Elderly women are receiving a large number of mammograms and Pap smears with limited scientific evidence of advantage, researchers from Duke University Medical Center have reported. Such widespread, general screening in women over age 70 is a misdirected use of health-care funds that might be better utilized in higher-risk, underserved women, they said.
“Cancer screening is important in younger and middle-aged populations because early detection can result in the reduction of long-term health risk,” said Truls Ostbye, lead author on the paper that appears in the Annals of Family Medicine. “However, in an older population, while the rates of some cancers increase, the risk of dying from a competing disease increases as well, and overall, this reduces the number of years that can be saved through screening.”
Although the use of mammography and Pap smears is lower among older women than middle-aged women, the Duke researchers cite data from two large population studies that show screening is on the rise in this age group.
The data showed that almost 70 percent to 80 percent of women aged 50 to 64 had received mammograms in the last two years, and approximately 75 percent of those same women had received Pap smears during that same time interval. In women 85 to 90 years of age, the percentage of women receiving mammograms drops to 40 percent and Pap smears drops to 25 percent. However, for both mammography and Pap smears, rates increased in all groups from 1995/1996 to 2000, including the older age brackets.
Ostbye said that the socioeconomic impact of over-screening is large and not to be ignored, particularly as the U.S. society ages. The researchers estimate that in 2000, 4.6 million women over the age of 70 had mammograms, costing approximately $460 million, and 3.7 million had Pap smears, costing $47 million. These costs do not include subsequent follow-up costs for further evaluation and clinical management.
“Some models suggest that 240 very healthy 80-year-old women would need to be screened with mammography to prevent one death from breast cancer,” said Ostbye. “The argument is even stronger regarding Pap smears. Low rates of mortality from cervical cancer are found in the elderly, but physicians continue to screen this group even though there is no scientific evidence suggesting it is beneficial.”
The HRS and AHEAD data also point to another problem of screening that is not limited to the elderly: the healthiest people with the lowest risk of disease are those most often screened. For example, nonsmokers and people who perceived their health as excellent, very good or good were the most likely to be screened. Less likely to be screened were people who smoke, are less physically active or deem their health to be poor or fair.
“People who need screening the most are the least likely to get it,” said Ostbye. “By examining screening behaviors, we can try and adjust recommendations in low-risk populations and increase incentives in high-risk populations to possibly use our health care dollars more wisely and deliver better health care to all populations.”
Ostbye says that part of the problem is that clinical guidelines for the elderly are often ambiguous and research including this age group is almost non-existent. For example, the American Cancer Society (ACS) recommends no specific age for cessation of mammography. ACS recommendations are clearer on Pap smears, citing that women aged 70 and older who have had three normal Pap smears in a row and none over the past 10 years may cease screening.
“The problem remains that we do not have evidence from national randomized clinical trials to justify these guidelines.
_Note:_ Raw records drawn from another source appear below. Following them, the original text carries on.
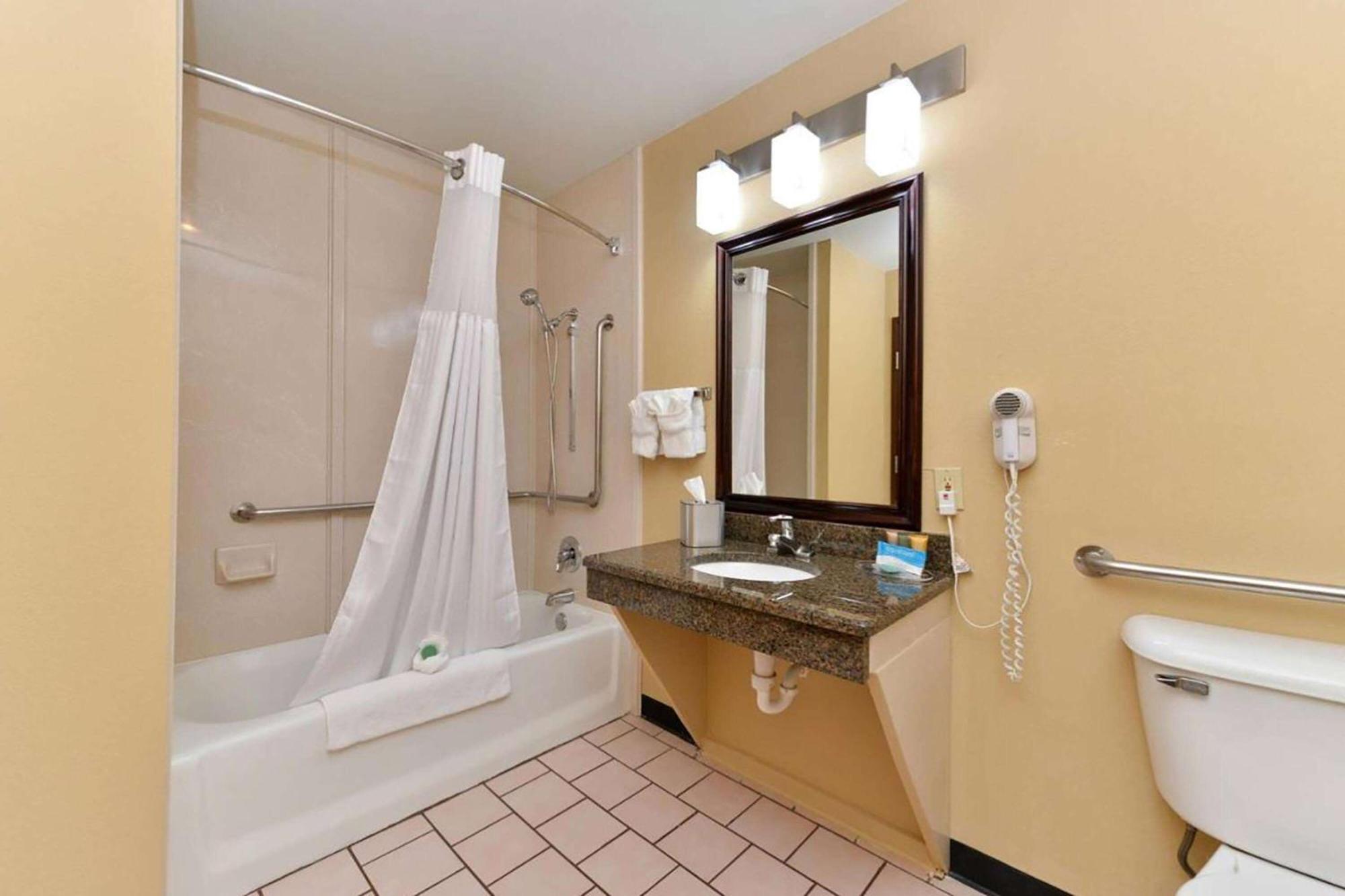 Baymont By Wyndham Ardmore I-35 Kültér fotó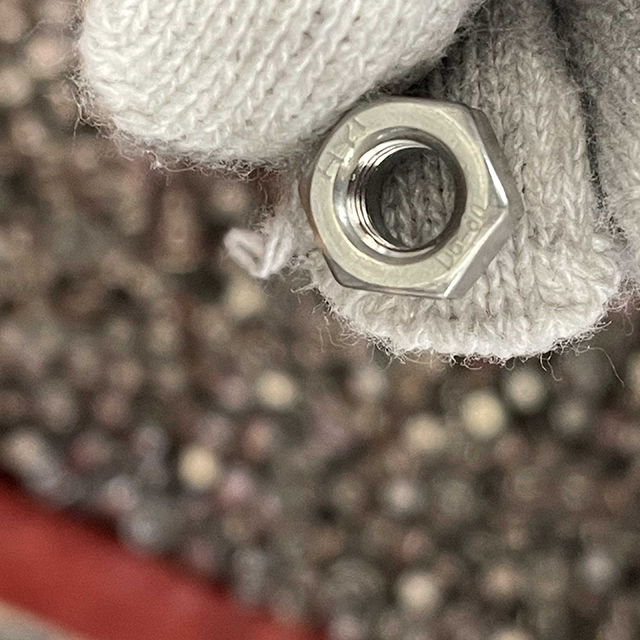 Hex Nuts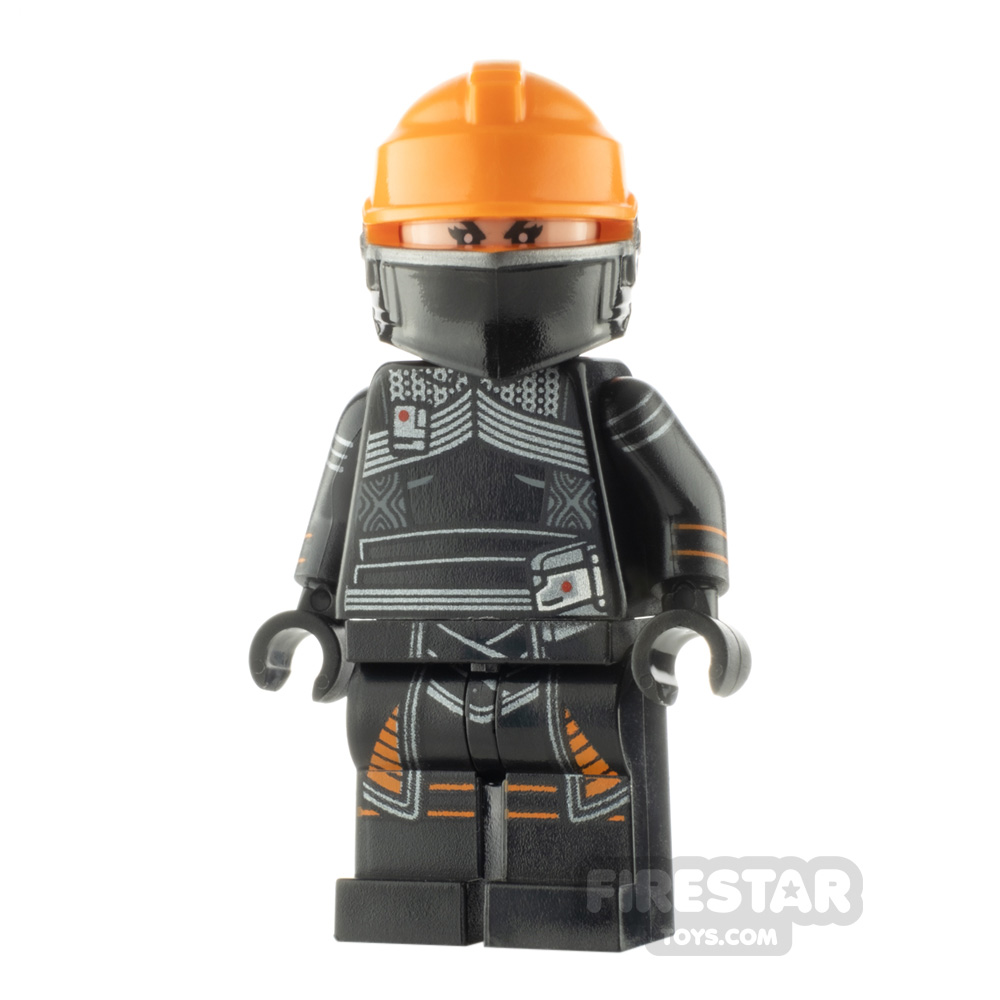 LEGO Star Wars Minifigure Fennec Shand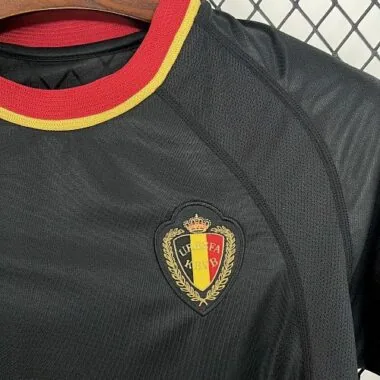 Retro 2000 Belgium Away S-XXL Cheap Football Jersey Wholesale Yupoo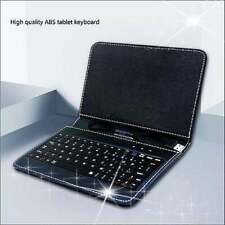 2019 Android Windows  Detachable Keyboard Touchpad+PU  leathercase keyboard only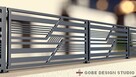 ogrodzenia bramy balustrady balkonowe schodowe - 11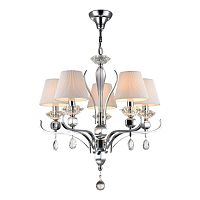 подвесная люстра maytoni smusso mod560-05-n в Орле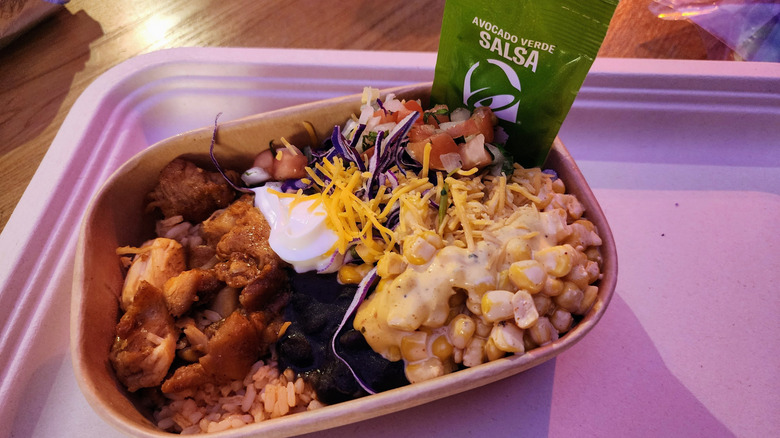 Cantina Chicken Bowl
We need to focus research efforts on documenting screening efforts in the elderly, examining the benefits of such screening and the rationale behind these screening practices,” said Ostbye.
In the absence of concrete cancer screening guidelines in the elderly, Gary Greenberg, M.D., co-author on the paper and a member of Duke’s department of community and family medicine, said that providers must make difficult decisions about whom to screen and whom not to screen.
“For some elderly patients, screening may make sense because there is no evidence of other serious illness,” said Greenberg. “However, others are clearly being subjected to unnecessary procedures. But without guidelines, doctors must err on the side of caution because of both legal and social consequences of discontinuing screening, even in the most fragile elderly.”